Beryl could bring some local flooding

Conditions weren’t ideal for surfing at Folly Beach’s Washout on Tuesday, but some tried it anyway as Beryl approached.

After “wobbling” for awhile Tuesday afternoon in lower Georgia, the remnants of Tropical Storm Beryl appeared to finally be headed toward the South Carolina coast.

Two to 3 inches of rain were expected Tuesday night through this morning, and some Lowcountry areas could receive up to 5 inches of rain, said National Weather Service local meteorologist in charge Mike Emlaw.

“It looks like we’re going to get a pretty good dose of rain,” he said.

A flash-flood warning was in effect late Tuesday. The Weather Service said rivers could rise, but river flooding was considered unlikely. Downtown streets could see flooding this morning.

“The risk for flash flooding will become enhanced across the coastal counties around high tide around 3 a.m. Wednesday morning, especially in downtown Charleston,” the Weather Service cautioned.

Emlaw said rain and flooding were the major concern with Beryl approaching.

Some lower Georgia localities received 6 to 7 inches of rain Tuesday, and Allendale County in western South Carolina got 4 to 5 inches.

Officials said a location just south of Live Oak, Fla., had picked up an incredible 12.65 inches of rain through Tuesday morning.

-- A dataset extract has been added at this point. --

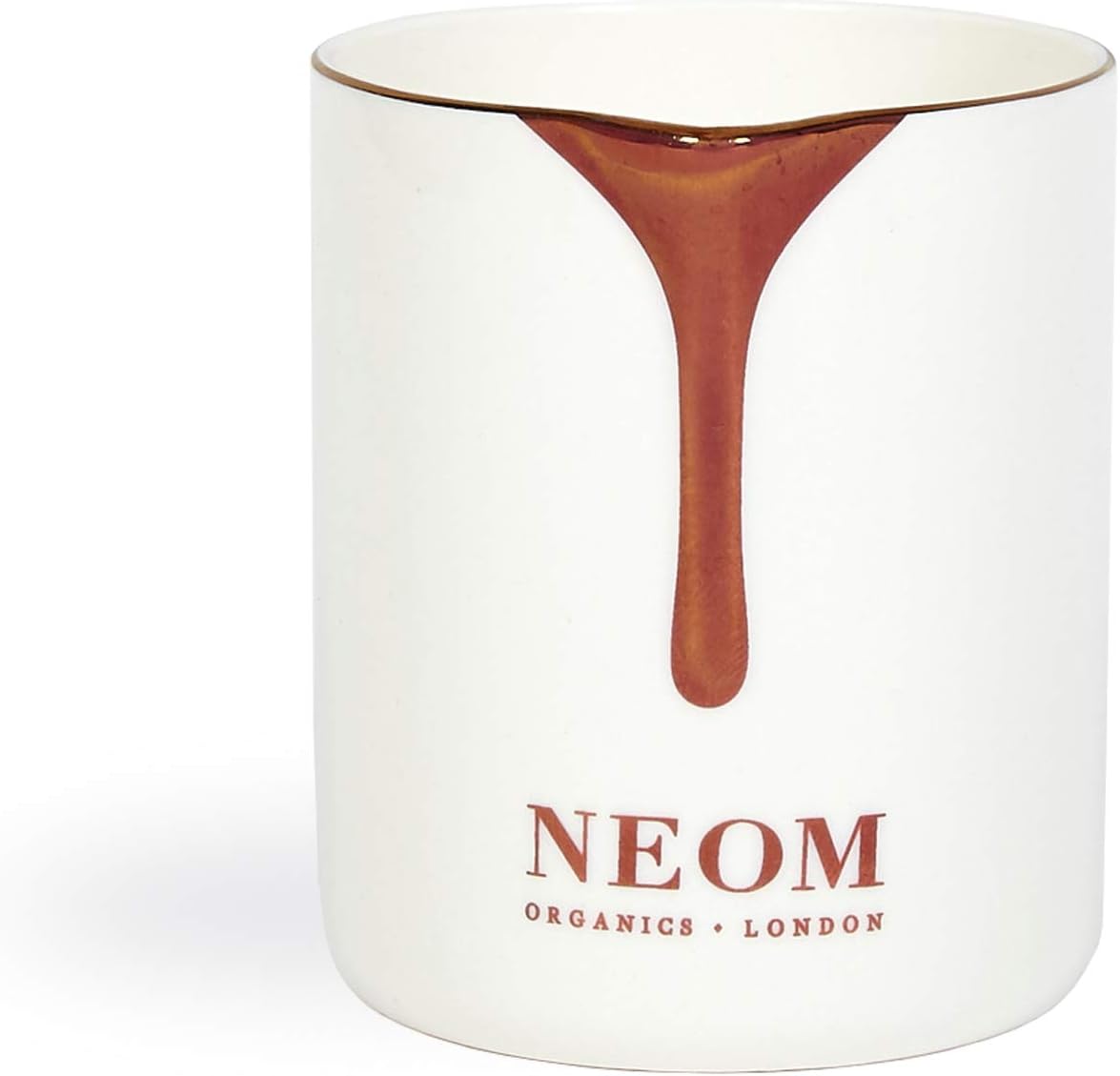 NEOM- Perfect Night's Sleep Intensive Skin Treatment Candle, 165g, White/Cream, 140 g (Pack of 1) - Image 5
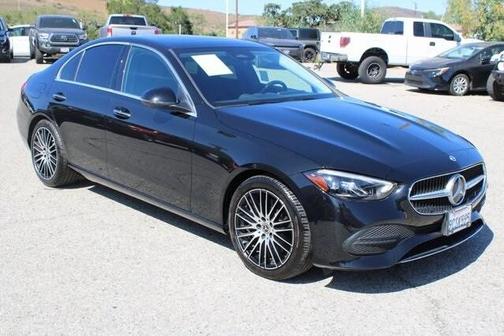 2022 Mercedes-Benz C-Class C 300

The center of the storm was southwest of Savannah at 8:30 p.m. Tuesday, Emlaw said. Beryl had been projected to move northerly from the Jacksonville area and into lower Georgia, then turn to the northeast and into the South Carolina Coast.

The storm “kind of wobbled” for a while Tuesday, actually moving southeasterly and easterly, before making the expected northeasterly turn, Emlaw said.

He said there is a slight chance of thunderstorms associated with the storm, but chances for tornado activity are slight. Some wind gusts can be expected ahead of some of the rain bands, he said.

Winds measured locally Tuesday maxed at about 30 mph on the coast and 25 mph inland, he said.

“Winds aren’t going to be a huge concern with this system,” meteorologist Blair Holloway said.